Imran Khan has been imprisoned in Rawalpindi for months, while Bibi surrendered this week and is being held at her home, declared a “sub-jail”, on the outskirts of the capital Islamabad.
The Pakistan Tehreek-e-Insaf (PTI) has been severely hamstrung ahead of the election, with scores of leaders jailed, supporters barred from holding rallies, and the party stripped of its talisman cricket bat symbol.
The party, however, is looking to reverse the setbacks with massive online campaigns, led by new candidates who are first-time contestants, a BBC report said.
This means even if Imran Khan is in jail, the PTI will continue to take his advice and work out strategies with him.

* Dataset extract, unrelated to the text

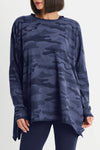 Planet Camo Swing T in Midnight.  Camouflage print in shades of blue  Crew neck long sleeve swing tee with raw edges.  Pima cotton.  Oversized fit.  One size fits most._t_61205128413550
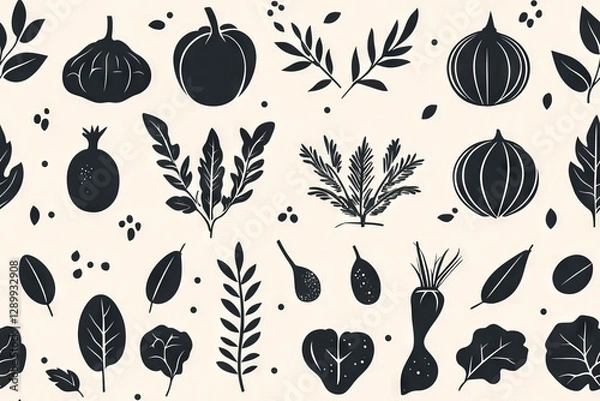 Fototapeta Botanical pattern with dark vegetables and leaves on a light background.- Seamless Pattern - Seamless Pattern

For now, the PTI said it will request the high court to scrap the trial court’s verdict against Imran Khan and his wife.
Imran Khan, who was booted from office by a vote of no confidence in April 2022, insists nearly 200 offences he has since been charged with have been fabricated by the military-led establishment to stop him from contesting elections on February 8.
Some 12.7 crore people are eligible to vote in a fractious poll many analysts describe as heavily influenced by the military, who directly ruled Pakistan for decades and continue to act as political kingmakers.
Three-time former Prime Minister Nawaz Sharif returned from a self-imposed exile and saw many convictions evaporate — a sign his party has been anointed by the generals to lead the next government.
With each side decrying the other as traitors, Pakistan Peoples Party (PPP) leader Bilawal Bhutto Zardari claims he is the only candidate pointing a way out of polarised politics ahead of next Thursday’s election. Bhutto Zardari is trying to position himself as a moderate outside the melee — pledging truth and reconciliation, release of political prisoners and an end to “the politics of vendetta”.
Pakistan is enjoying one of its longest period without direct army rule, but analysts say the military has been again intervening in civilian affairs at unprecedented levels in recent years. Zulfikar Ali Bhutto — Bilawal’s grandfather and Pakistan’s ninth Prime Minister — was deposed by an army coup and hanged in 1979.
While cricket star Imran Khan benefited from military backing when his PTI party surged to power in 2018, his rise was also seen as a sea change by the youth bucking a tradition of dynastic politics.